He is therefore entitled to the credit pursuant to
paragraphs 118(1)(b) and 118(4)(b) of the
Act.
[22] The
restriction in subsection 118(5) does not apply here since, for
2000, the taxation year at issue, the appellant was not required
to pay a support amount within the meaning of subsection 56.1(4)

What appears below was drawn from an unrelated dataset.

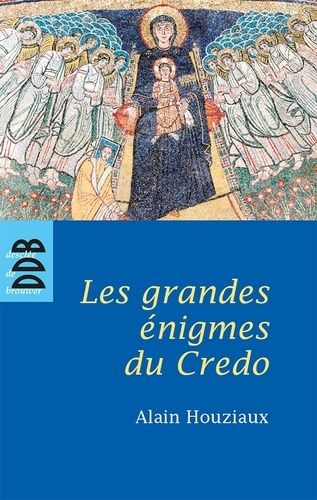 Les Grandes Énigmes Du Credo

to his former spouse in respect of the children and he did not
live separate and apart from her throughout the year. Subsections
56.1(4) and 118(5) read as follows in the taxation year at
issue:
► 56.1(4)◄
(4) Definitions. The
definitions in this subsection apply in this section and section
56.
. .
.
"support amount" - "support
amount" means an amount payable or receivable as an
allowance on a periodic basis for the maintenance of the
recipient, children of the recipient or both the recipient and
children of the recipient, if the recipient has discretion as to
the use of the amount, and
(a)
the recipient is the spouse or former spouse of the payer, the
recipient and payer are living separate and apart because of the
breakdown of their marriage and the amount is receivable under an
order of a competent tribunal or under a written agreement;
or
(b)
the payer is a natural parent of a child of the recipient and the
amount is receivable under an order made by a competent tribunal
in accordance with the laws of a province.
► 118(5)◄
(5) Support. No amount
may be deducted under subsection (1) in computing an
individual's tax payable under this Part for a taxation year
in respect of a person where the individual is required to pay a
support amount (as defined in subsection 56.1(4)) to the
individual's spouse or former spouse in respect of the person
and the individual
(a)
lives separate and apart from the spouse or common-law partner or
former spouse or common-law partner throughout the year because
of the breakdown of their marriage or common-law partnership;
or
(b)
claims a deduction for the year because of section 60 in respect
of a support amount paid to the spouse or common-law partner or
former spouse or common-law partner.
Decision
[23] The appeal
is allowed, without costs, and the assessment is referred back to
the Minister for reconsideration and reassessment on the basis
that the appellant was entitled to include an
equivalent-to-spouse amount in respect of one of his children in
computing his non-refundable tax credits for the 2000 taxation
year.
Signed at
Ottawa, Canada, this 9th day of January 2003.
J.T.C.C.
COURT FILE
NO.:
2002-1058(IT)I
STYLE OF
CAUSE:
Ellis L.G. Barefoot v. The Queen
PLACE OF
HEARING:
Ottawa, Ontario
DATE OF
HEARING:
December 4, 2002
REASONS FOR
JUDGMENT BY: The Honourable Judge Lucie
Lamarre
DATE OF
JUDGMENT:
January 9, 2003
APPEARANCES:
For the
Appellant:
The Appellant himself
Counsel for
the
Respondent:
Marlyse Dumel
COUNSEL OF
RECORD:
For the
Appellant:
Name:
Firm:
For the
Respondent:
Morris Rosenberg
Deputy Attorney General of Canada
Ottawa, Canada
2002-1058(IT)I
BETWEEN:
ELLIS L.G.
BAREFOOT,
Appellant,
and
HER MAJESTY
THE QUEEN,
Respondent.
Appeal heard
on December 4, 2002, at Ottawa, Ontario, by
the
Honourable Judge Lucie Lamarre
Appearances
For the
Appellant:
The Appellant himself
Counsel for
the
Respondent:
Marlyse Dumel
JUDGMENT
The appeal from the assessment made under the Income Tax
Act for the 2000 taxation year is allowed, without costs, and
the assessment is referred back to the Minister of National
Revenue for reconsideration and reassessment on the basis
that the appellant was
entitled to include an equivalent-to-spouse amount in respect of
one of his children in computing his non-refundable tax credits
for the 2000 taxation year.
Signed at
Ottawa, Canada, this 9th day of January 2003.
J.T.C.C.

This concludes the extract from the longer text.